My sisters decided to throw a retirement party for my parents.  I agree that my parents deserve one.  I do not agree that actually throwing one is a good idea.  After planning many parties, I hear the suggestion and start picturing gathering address lists, coordinating schedules, agonizing over invitation language, buying, hiding, and preparing food, planning activities for children, arguing over budgets, arguing over who ponied up the least amount of cash, arguing over who put in the least amount of effort, arguing over who should get credit for what, and, really, just arguing.


We did a lot of work on the party tonight, but the hours dragged on and tempers became shorter, and I made a crack about not wanting to reformat the page setup again just because some of the invitations were a different size.  And then one sister threatened to just leave with another.  I thought we were joking, so I said it isn’t my house, I’ll be right behind you.  And that’s when she said it.


“Oh, yeah, like it’s fair for you to just leave.  We have kids, it’s not like you have anything going on.”  And it wasn’t a joke.  And I remembered why I left Michigan and missed the thunderstorms in the first place.  It’s funny, here.  I am aware, as a non-parent, that I am a second-class citizen, but I always think I’m being overly harsh in judging their beliefs.  But tonight I knew I wasn’t exaggerating the lack of respect.


As I’ve mentioned, I have two jobs.  I do my parents’ supplemental grocery shopping.  My mother hates everything I cook, but I always make sure I make enough for her anyway.  I do most of their dishes on weekends.  When my sisters need a babysitter I do everything I can to accommodate.  I don’t do that much for any one of them, but collectively I think I have earned the right to say I am busy, too.  And I didn’t have to go off birth control to justify saying it.


Kids are probably not going to be in my future.  They are a lot of work, and I’m not sure I want the never ending responsibility.  My doctors aren’t sure I can have them anyway, so it seems to be a moot point.

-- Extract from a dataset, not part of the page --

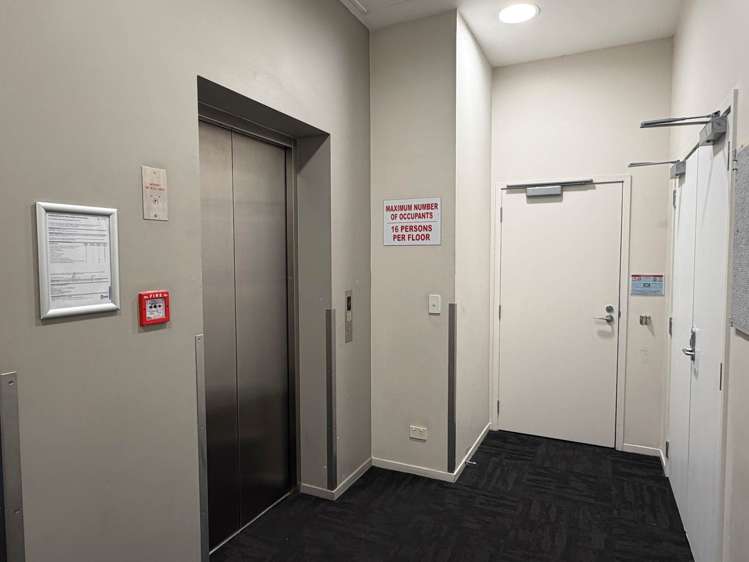 402/36 Eden Crescent_3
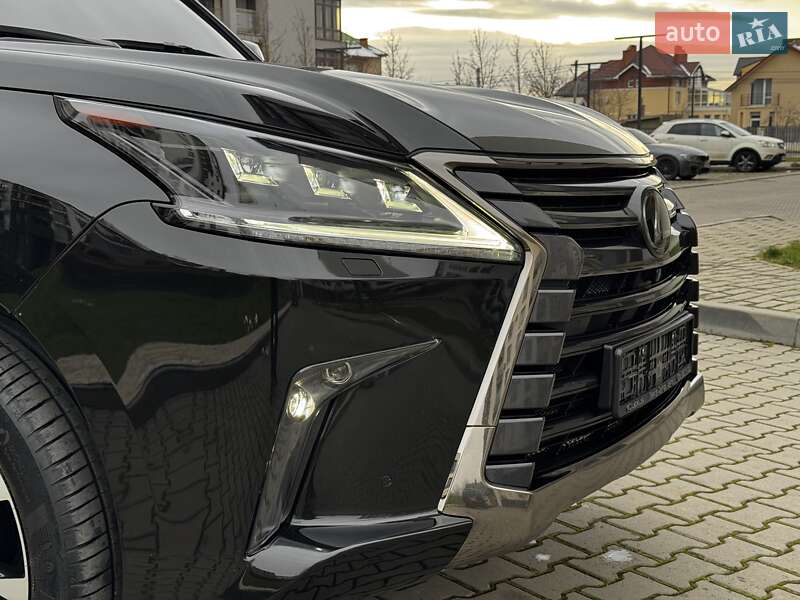 Позашляховик / Кросовер Lexus LX 2020 в Івано-Франківську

So I look around this land where only parents have a right to be tired or ask for help, and I get angry.  The final straw for me years ago came when my sister took my baby name.  Obviously, I probably wouldn’t have used it, and if she had just asked if she could name her daughter the name I had told her I might – someday – want to use, I would have said yes.  But she didn’t ask.  She informed me.  And when I objected she asked if I was going to name a cat.  When I told her in front of my mother that I wanted an apology my mother told me to stop crucifying her.  And I knew.  Until I crack out a kid or two, my opinion is irrelevant.  That was when I started making serious plans to leave.  I had wanted to move on for years, but I had hesitated to leave my family.


Tonight I was just as done.  This year of trying to fit myself in, of trying to find the positives of living here so I can be with my family, of trying to stay open-minded, it was just a waste of energy.  My nieces will grow up with these same expectations, and the knowledge frustrates me even more.

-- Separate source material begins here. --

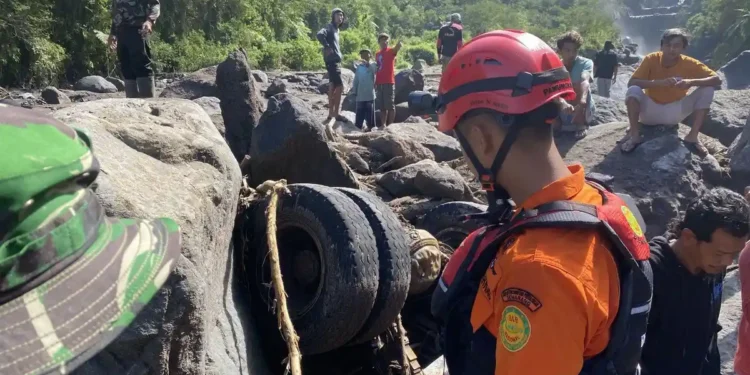 Banjir Lahar Merapi Hantam Magelang, Satu Tewas Empat Hilang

I drove home tonight in the thunderstorm, marveling at its power.  Adele played loudly, and the songs fit the storm and the drive.  I want to leave.  To escape.  It’s been years since I’ve been so close to packing a bag and hitting the road.  I know it’s a sign of my frustration.  I don’t like my job.  I don’t like my living arrangements.  I don’t like that I’ve been sick for over a week for the fourth time since Christmas.  I don’t want to try anymore.  I just want to go.  Both of my bosses know that I occasionally have low periods.  Lately it’s become more and more obvious that I’m slipping down again.  I suspect that if I threaten to show up at work tomorrow they would gladly tell me to just take the time.  But kids or no, I feel responsible.  I don’t want someone else to have to clear my desk.  I don’t want to tell Jodi I’m not coming to boxing.  It isn’t smart to drop money on gas or a hotel room. But I do need to find something, and I’m not finding anything here except opportunities to whine.  Maybe someday soon I’ll come home at midnight and have the urge to pack a bag and I’ll just do it.  Maybe a random dot on a map will be a better fit.


Then again, maybe the world and I will just keep shuffling along beside each other, sawing away at the best parts of each other while we shoot dark looks and wish for better traveling companions.  If this is the best arrangement the world and I can make, I just don’t see the point.  Maybe no matter where I go I’ll just be missing thunderstorms again.